Exercise objective:
Transcription, pictures excluded: write out the data below exactly.

Data shown:

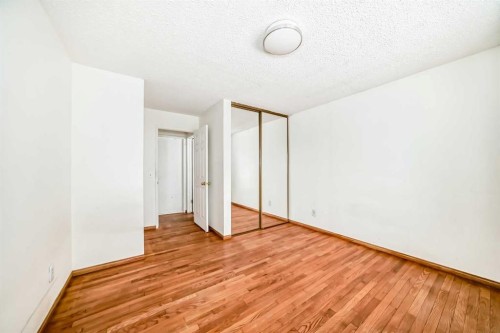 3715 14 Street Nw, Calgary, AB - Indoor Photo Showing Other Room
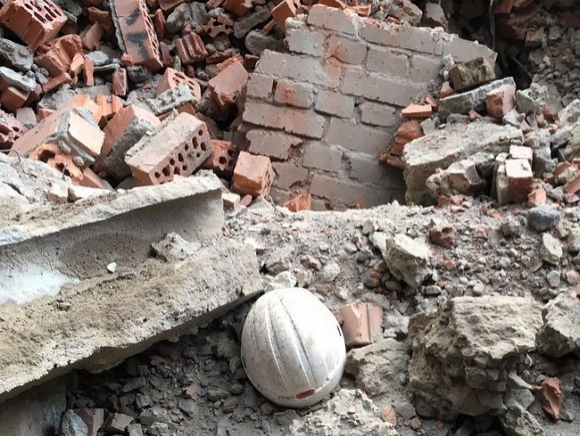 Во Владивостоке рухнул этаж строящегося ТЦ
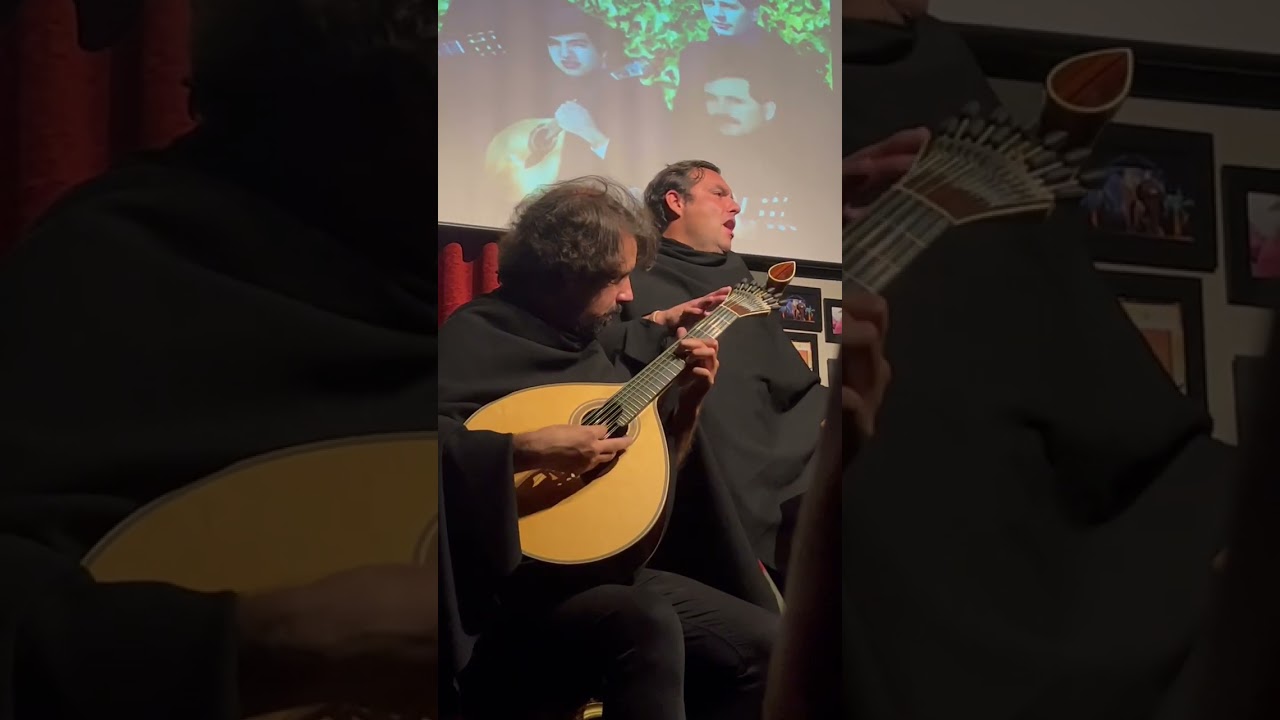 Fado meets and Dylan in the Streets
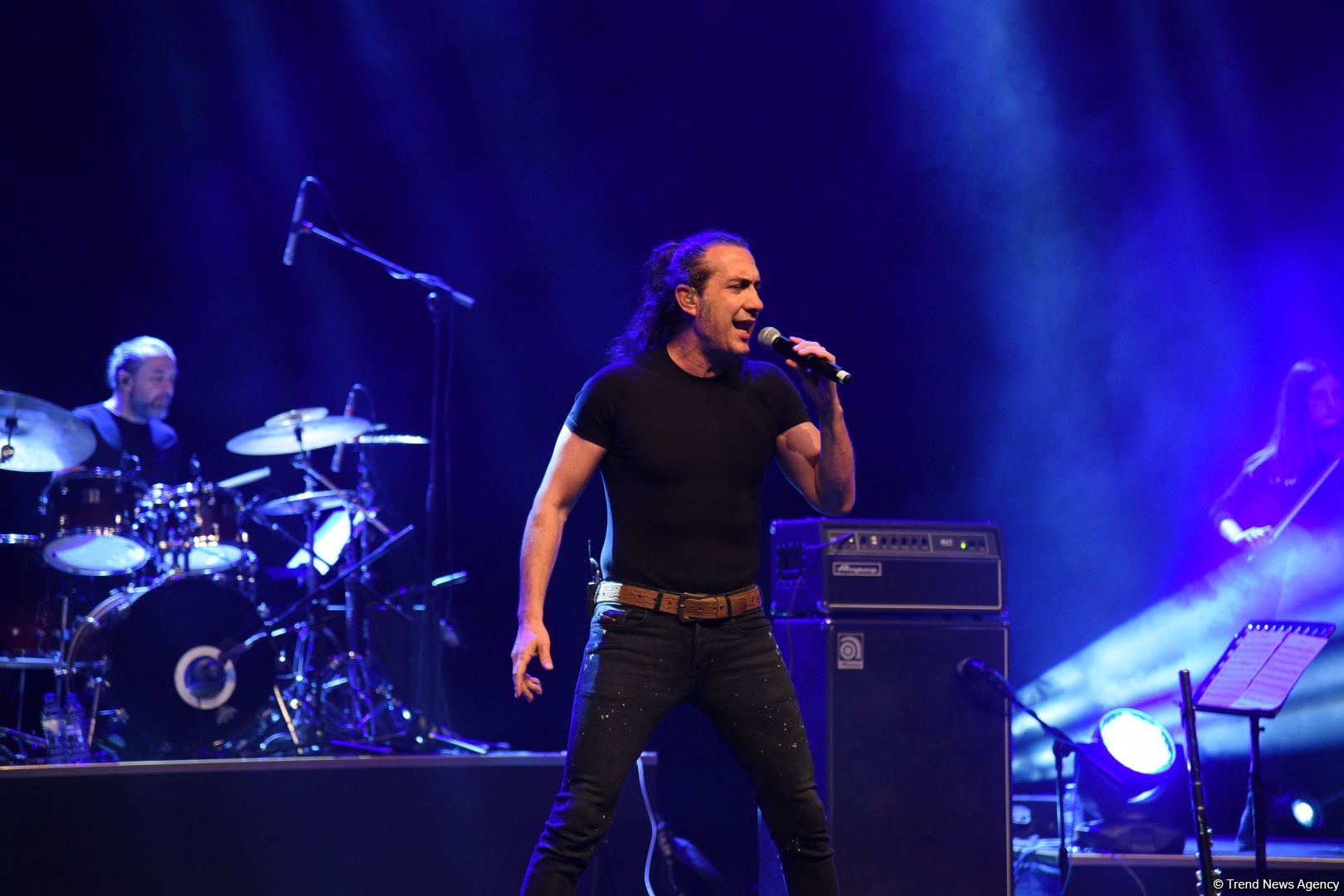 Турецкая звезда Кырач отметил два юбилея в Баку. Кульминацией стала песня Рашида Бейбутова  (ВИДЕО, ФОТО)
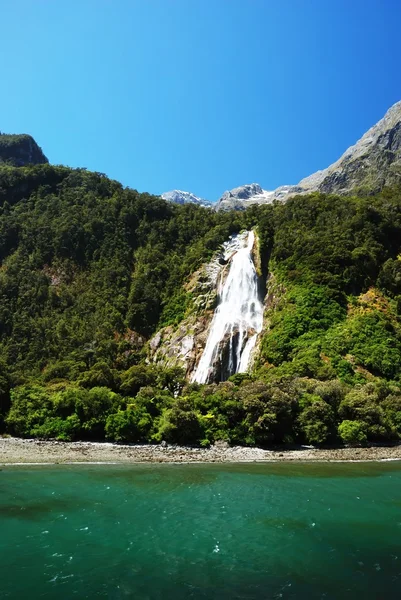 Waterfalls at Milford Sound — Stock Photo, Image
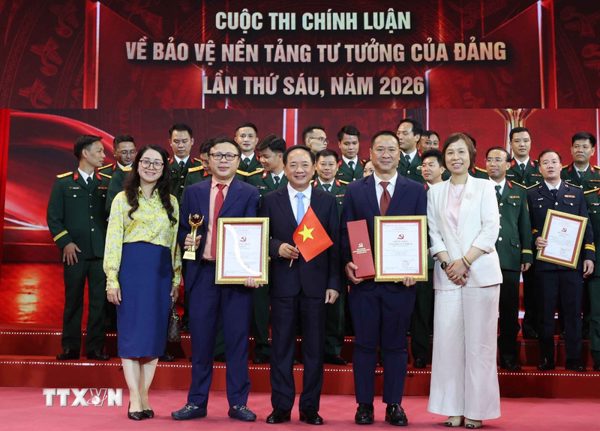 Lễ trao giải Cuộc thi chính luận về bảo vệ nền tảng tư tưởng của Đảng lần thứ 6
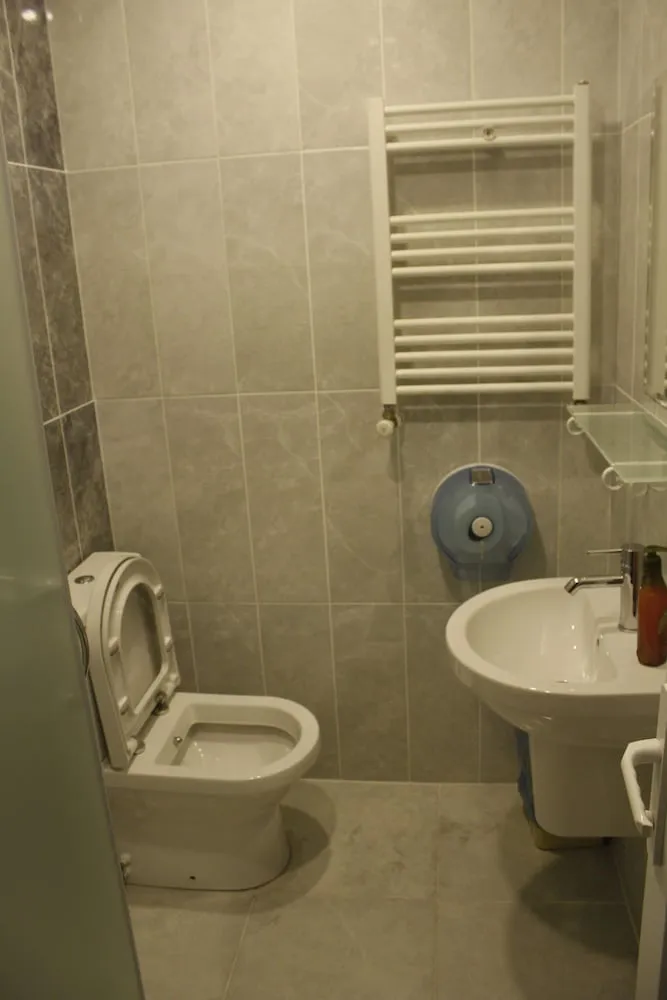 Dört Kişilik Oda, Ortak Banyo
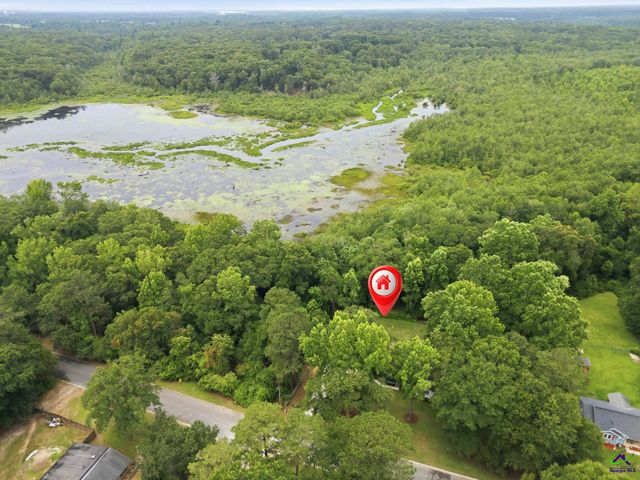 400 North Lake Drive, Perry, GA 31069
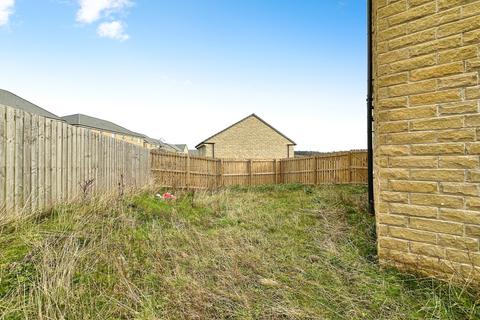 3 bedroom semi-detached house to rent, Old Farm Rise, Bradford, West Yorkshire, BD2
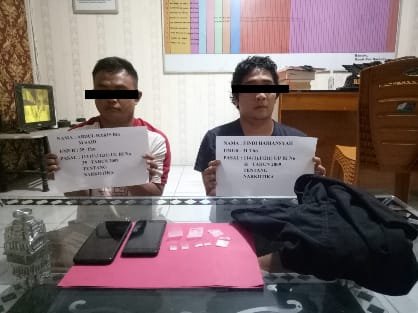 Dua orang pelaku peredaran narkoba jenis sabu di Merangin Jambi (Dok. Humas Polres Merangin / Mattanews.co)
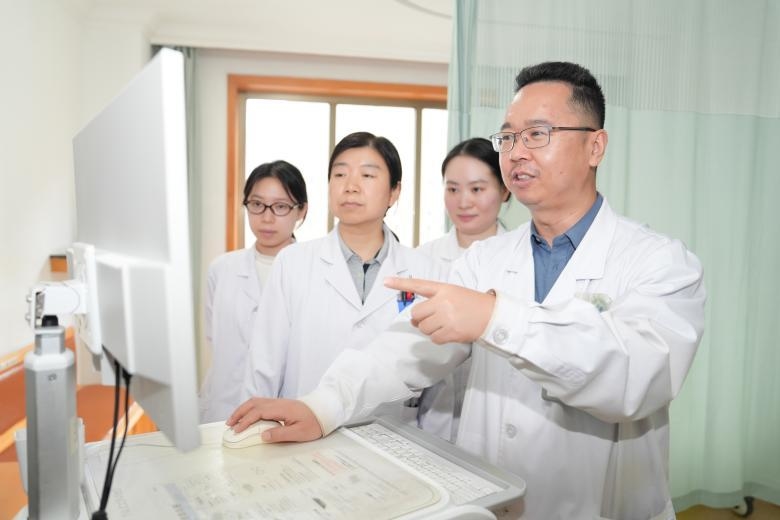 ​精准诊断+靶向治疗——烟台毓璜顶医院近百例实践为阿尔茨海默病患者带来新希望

Answer section:
 3715 14 Street Nw, Calgary, AB - Indoor Photo Showing Other Room
 Во Владивостоке рухнул этаж строящегося ТЦ
 Fado meets and Dylan in the Streets
 Турецкая звезда Кырач отметил два юбилея в Баку. Кульминацией стала песня Рашида Бейбутова  (ВИДЕО, ФОТО)
 Waterfalls at Milford Sound — Stock Photo, Image
 Lễ trao giải Cuộc thi chính luận về bảo vệ nền tảng tư tưởng của Đảng lần thứ 6
 Dört Kişilik Oda, Ortak Banyo
 400 North Lake Drive, Perry, GA 31069
 3 bedroom semi-detached house to rent, Old Farm Rise, Bradford, West Yorkshire, BD2
 Dua orang pelaku peredaran narkoba jenis sabu di Merangin Jambi (Dok. Humas Polres Merangin / Mattanews.co)
 ​精准诊断+靶向治疗——烟台毓璜顶医院近百例实践为阿尔茨海默病患者带来新希望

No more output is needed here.